WHAT IS EXPECTED: Could you print the stretch of lines below from the one with "Campamento y recorridos: así" through the one with "yellow and white", exactly as they stand and without any pictures?

EXERCISE DATA:
···

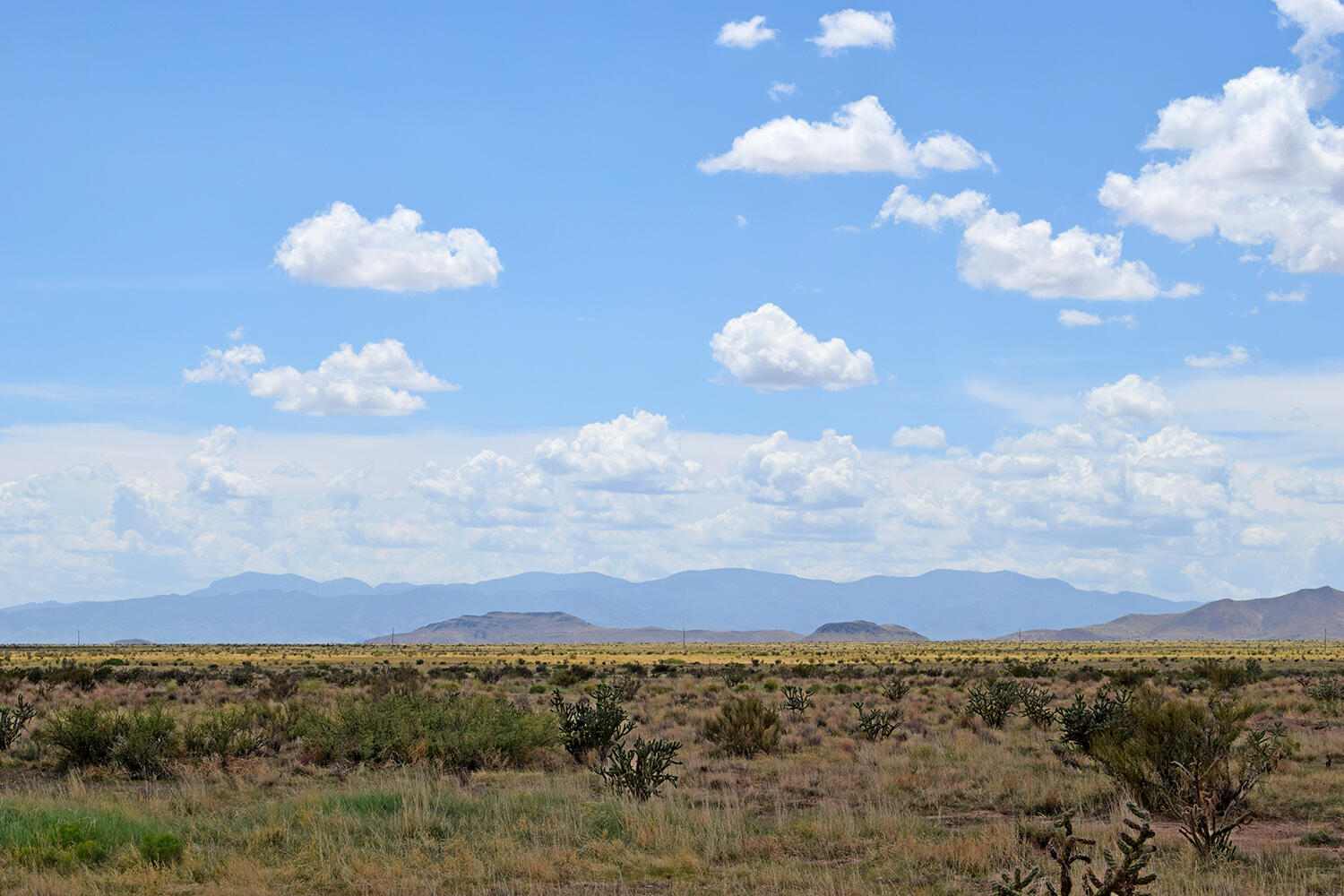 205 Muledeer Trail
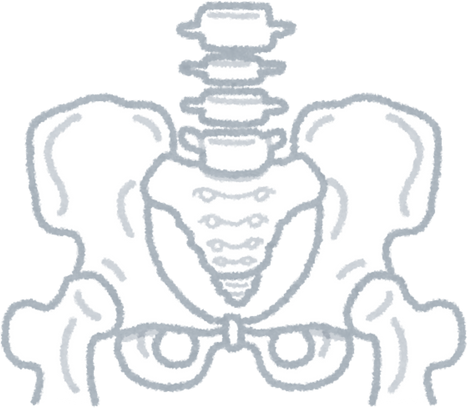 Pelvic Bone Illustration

···

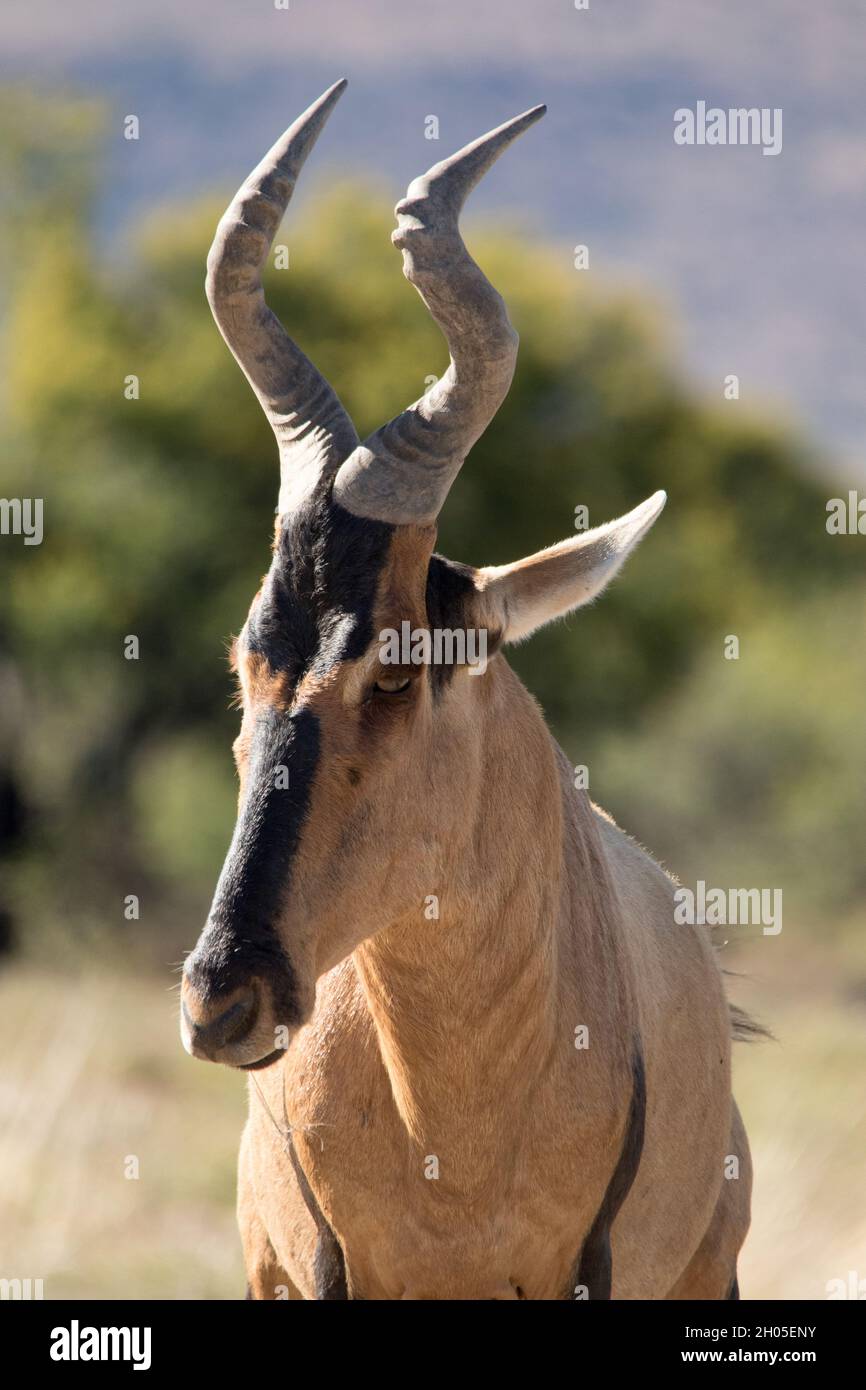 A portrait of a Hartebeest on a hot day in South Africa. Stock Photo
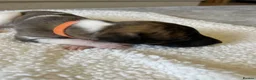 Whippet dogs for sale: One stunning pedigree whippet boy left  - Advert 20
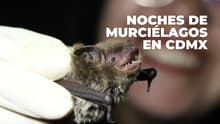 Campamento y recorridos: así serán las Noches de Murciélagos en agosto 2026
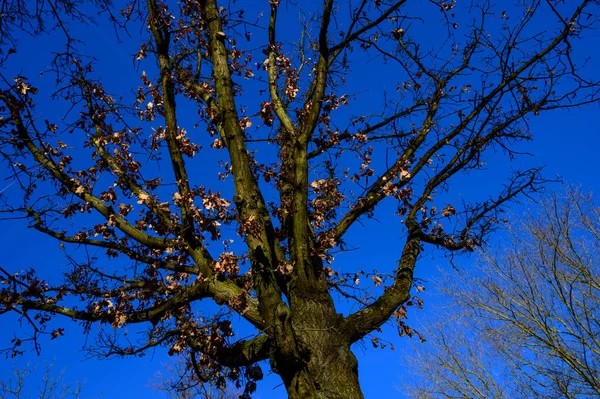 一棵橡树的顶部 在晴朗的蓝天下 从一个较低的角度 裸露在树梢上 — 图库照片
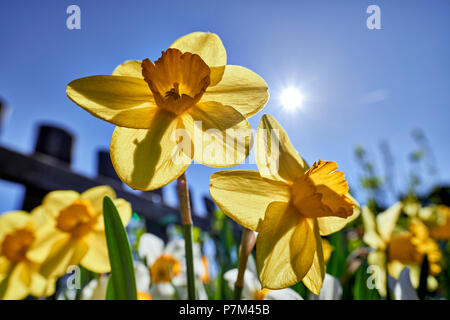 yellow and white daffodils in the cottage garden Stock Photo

···

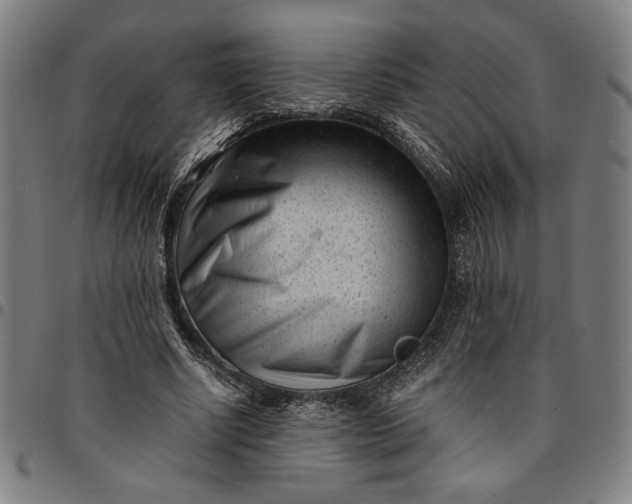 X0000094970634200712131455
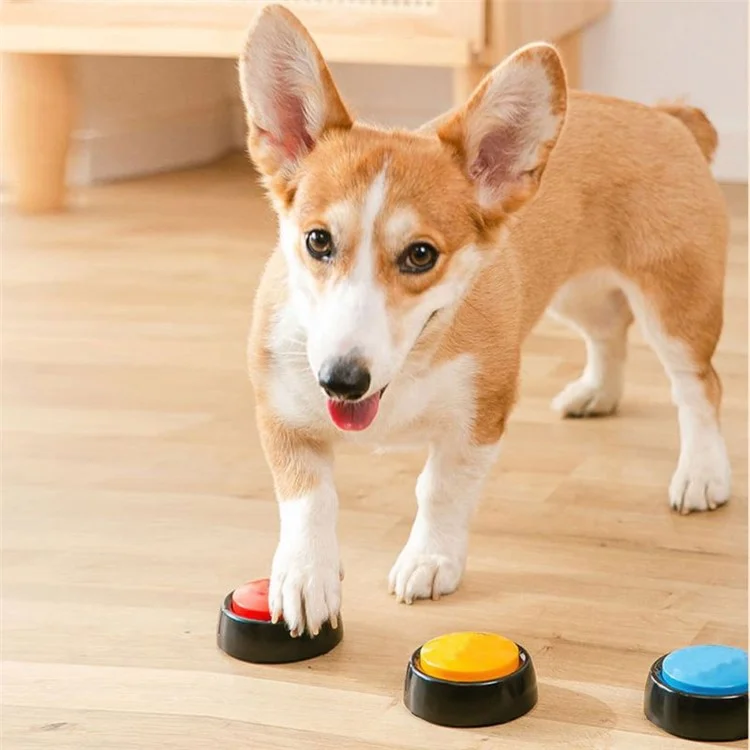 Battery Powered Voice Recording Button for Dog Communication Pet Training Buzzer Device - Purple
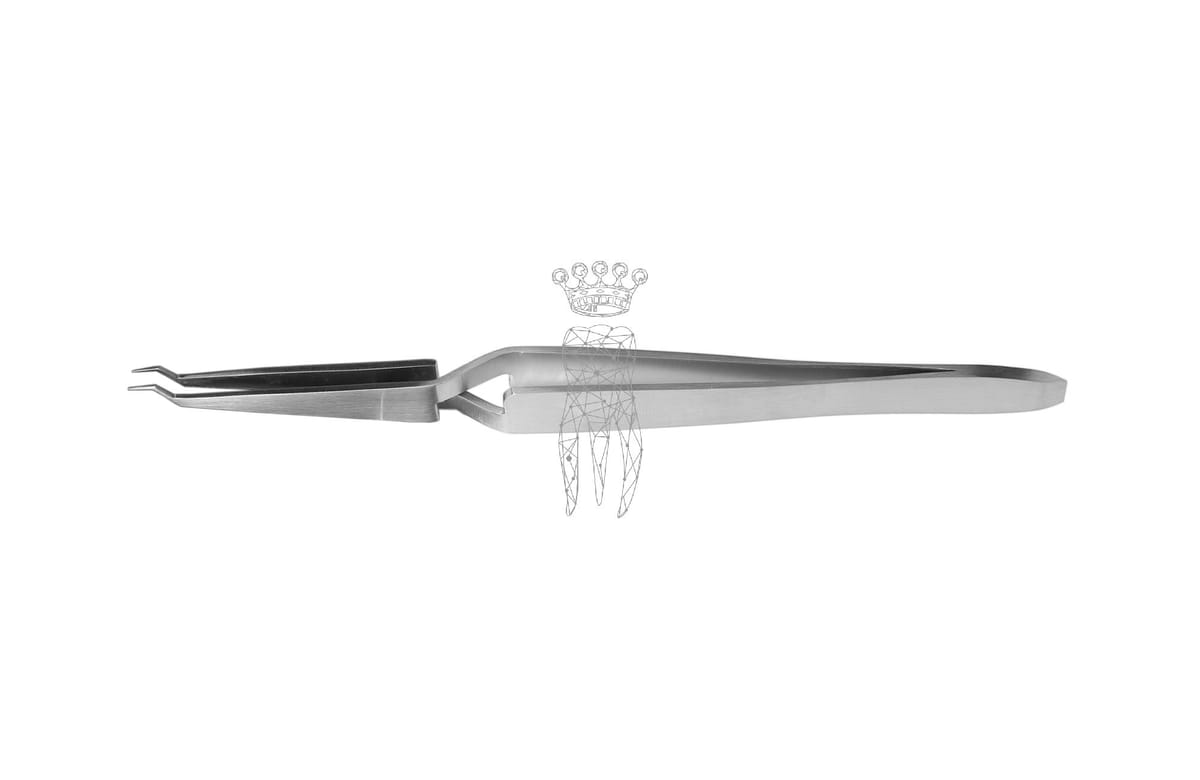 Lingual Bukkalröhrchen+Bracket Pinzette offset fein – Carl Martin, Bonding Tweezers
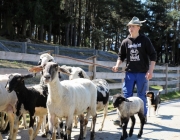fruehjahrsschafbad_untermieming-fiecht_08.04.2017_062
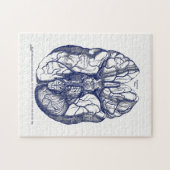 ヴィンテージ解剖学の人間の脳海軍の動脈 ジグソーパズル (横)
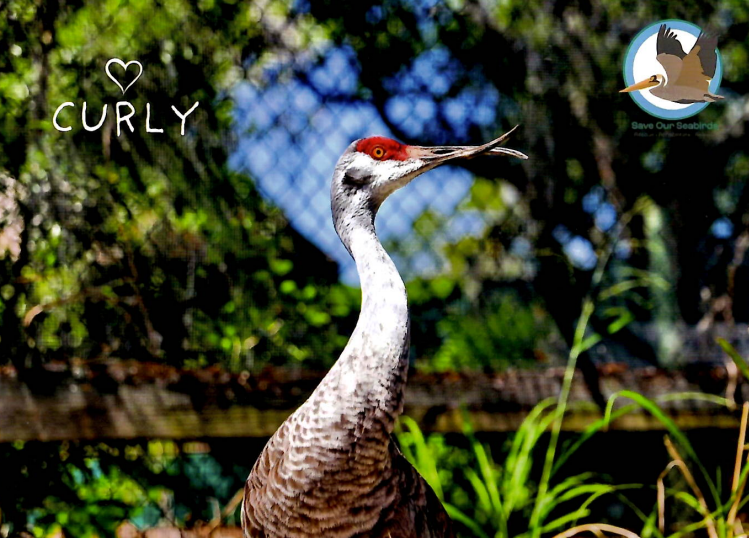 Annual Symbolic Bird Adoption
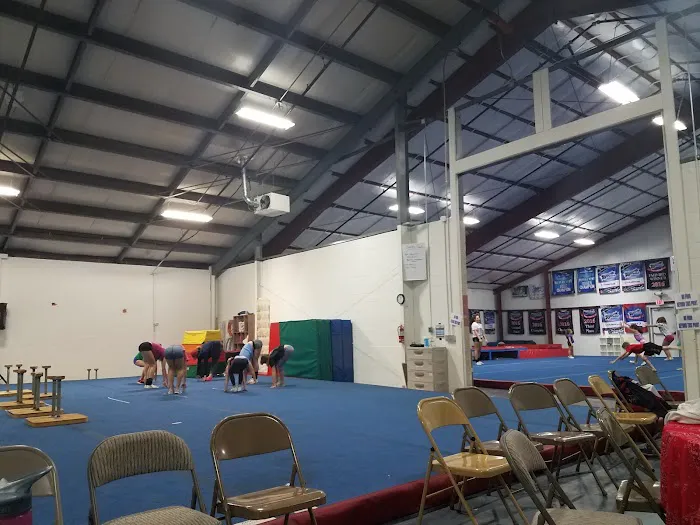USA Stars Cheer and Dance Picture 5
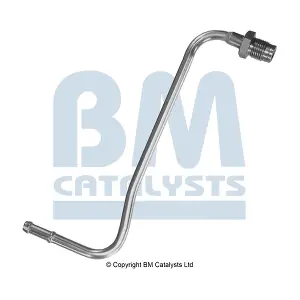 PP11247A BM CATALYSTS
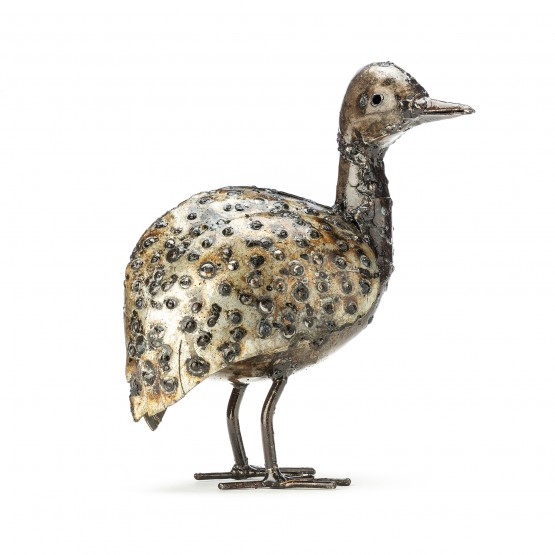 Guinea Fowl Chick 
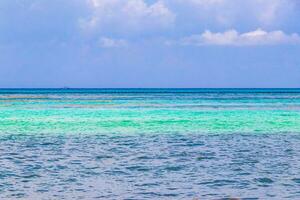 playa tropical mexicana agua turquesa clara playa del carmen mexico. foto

···

THE ANSWER:
 Campamento y recorridos: así serán las Noches de Murciélagos en agosto 2026
 一棵橡树的顶部 在晴朗的蓝天下 从一个较低的角度 裸露在树梢上 — 图库照片
 yellow and white daffodils in the cottage garden Stock Photo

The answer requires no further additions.